INPUT FOR THIS TASK below:
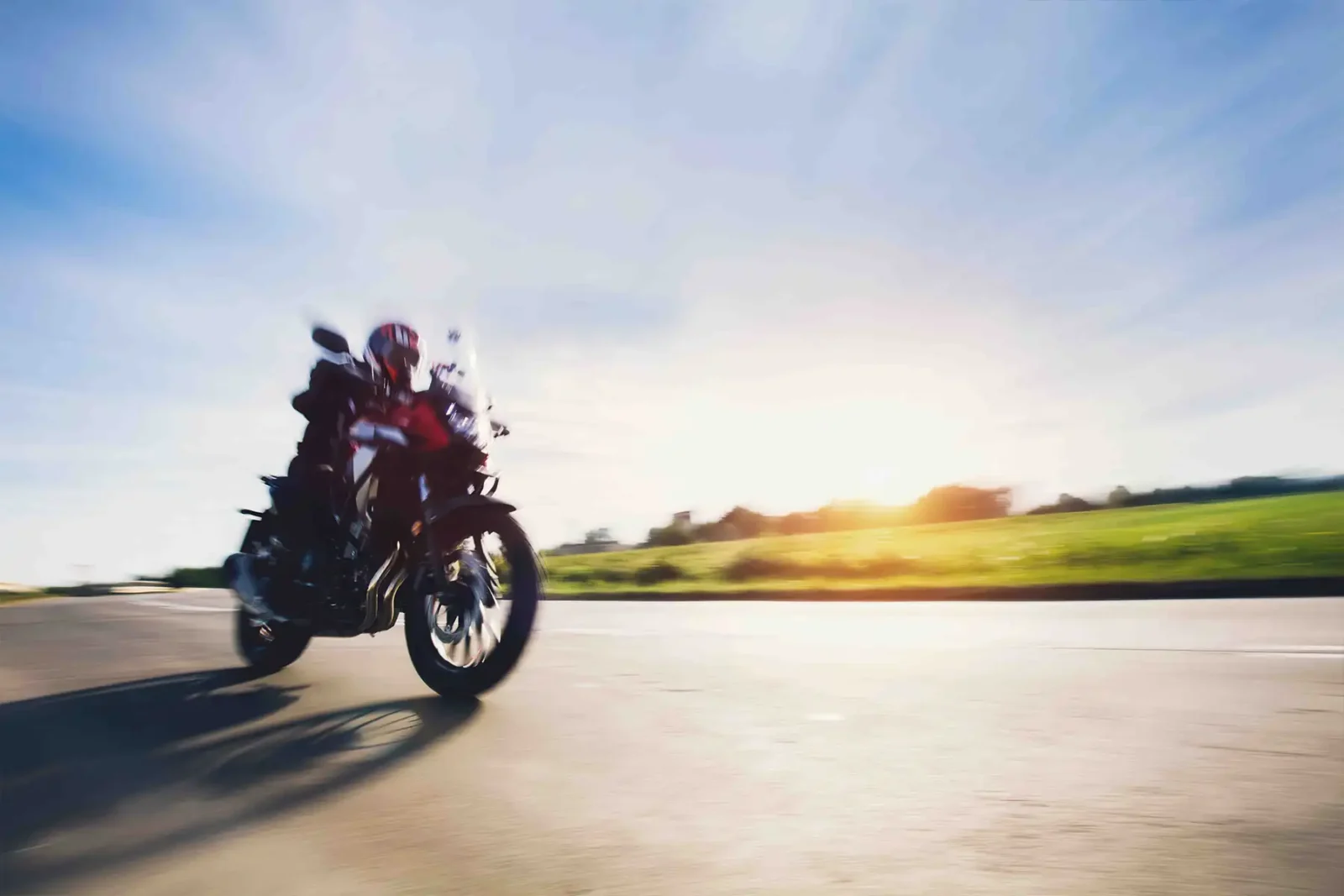 Motociclista pilotando uma moto esportiva em uma estrada europeia, com elementos digitais sobrepostos indicando os limites de velocidade assistidos pelo sistema Intelligent Speed Assistance (ISA) da União Europeia.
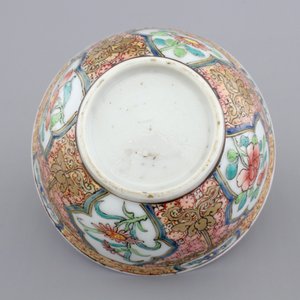 Two Chinese cups and saucers together with a faux-bois saucer, Yongzheng, 1722-1735 — photo 14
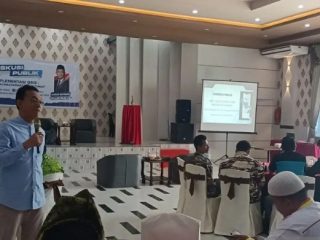 Transaksi nontunai yang sedang digalakkan sekarang dapat meminimalisir perilaku korup. Karena setiap aktivitas akan tercatat, sementara perilaku korup lazimnya dilakukan secara tunai agar tidak tercatat.
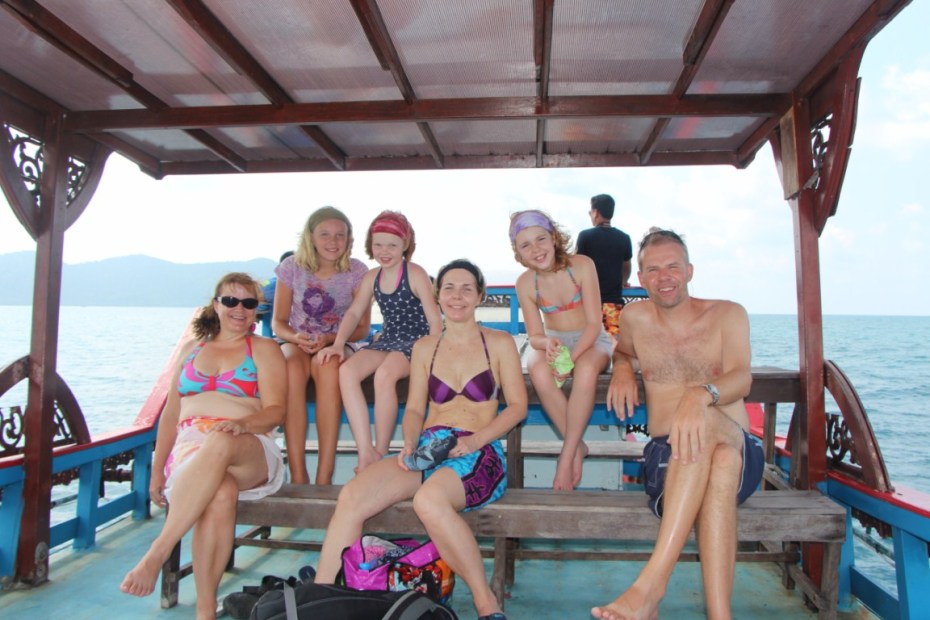 Going on a daylong snorkeling trip around Koh Chang.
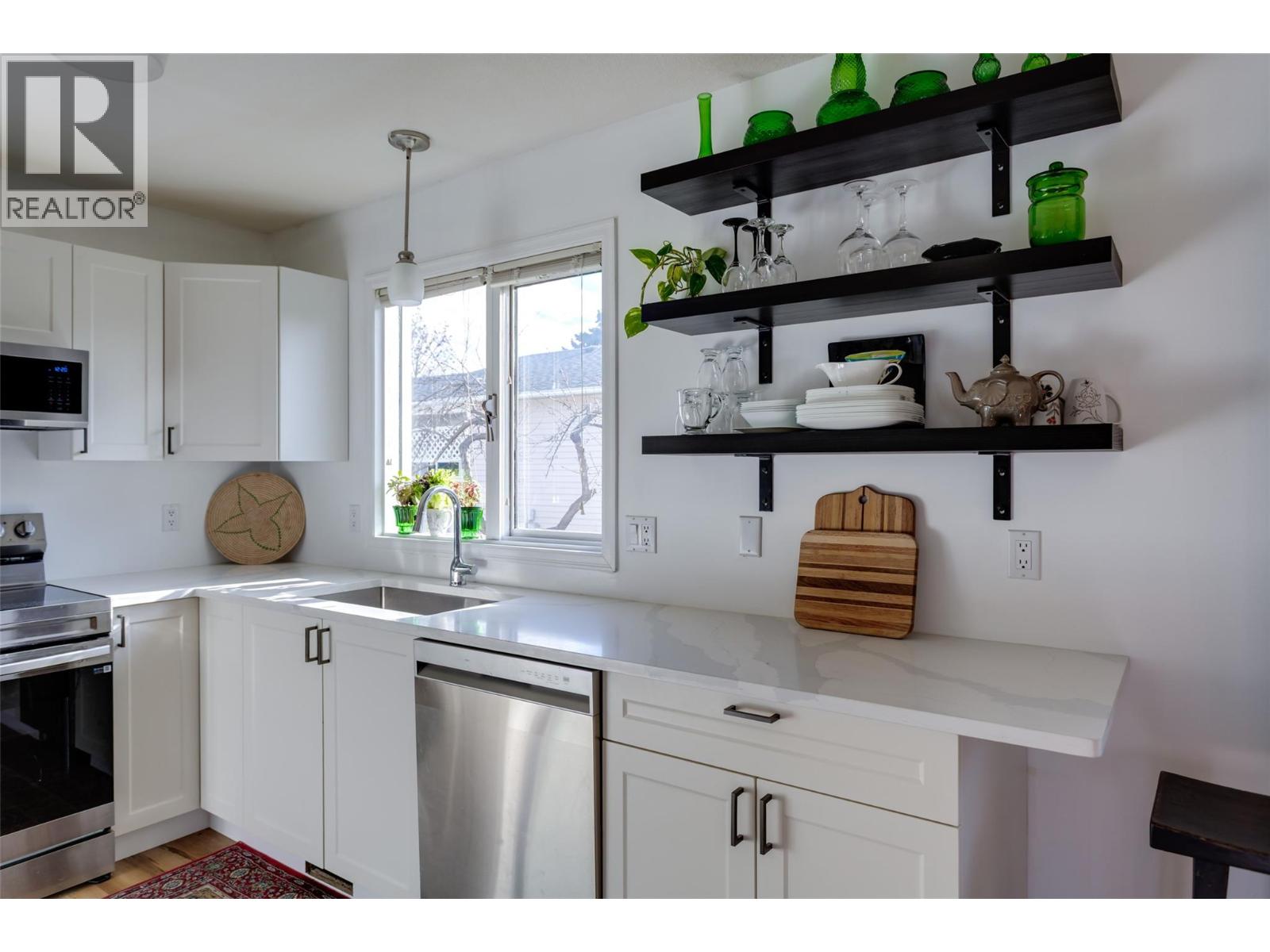 1255 Raymer Avenue Unit# 527, Kelowna, British Columbia  V1W 3S3 - Photo 4 - 10375690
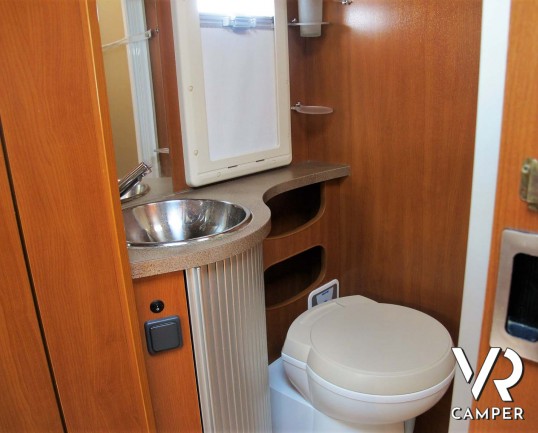 Challenger Mageo Prium: camper usato semintegrale con verandam antenna satellitare, piedini elettrici. Su Fiat Ducato 130 CV. In vendita da Italia VR.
End of INPUT FOR THIS TASK.
## EXERCISE
The expected output is the full material above, unaltered, with pictures removed.

## SOLUTION TO THE EXERCISE
 Motociclista pilotando uma moto esportiva em uma estrada europeia, com elementos digitais sobrepostos indicando os limites de velocidade assistidos pelo sistema Intelligent Speed Assistance (ISA) da União Europeia.
 Two Chinese cups and saucers together with a faux-bois saucer, Yongzheng, 1722-1735 — photo 14
 Transaksi nontunai yang sedang digalakkan sekarang dapat meminimalisir perilaku korup. Karena setiap aktivitas akan tercatat, sementara perilaku korup lazimnya dilakukan secara tunai agar tidak tercatat.
 Going on a daylong snorkeling trip around Koh Chang.
 1255 Raymer Avenue Unit# 527, Kelowna, British Columbia  V1W 3S3 - Photo 4 - 10375690
 Challenger Mageo Prium: camper usato semintegrale con verandam antenna satellitare, piedini elettrici. Su Fiat Ducato 130 CV. In vendita da Italia VR.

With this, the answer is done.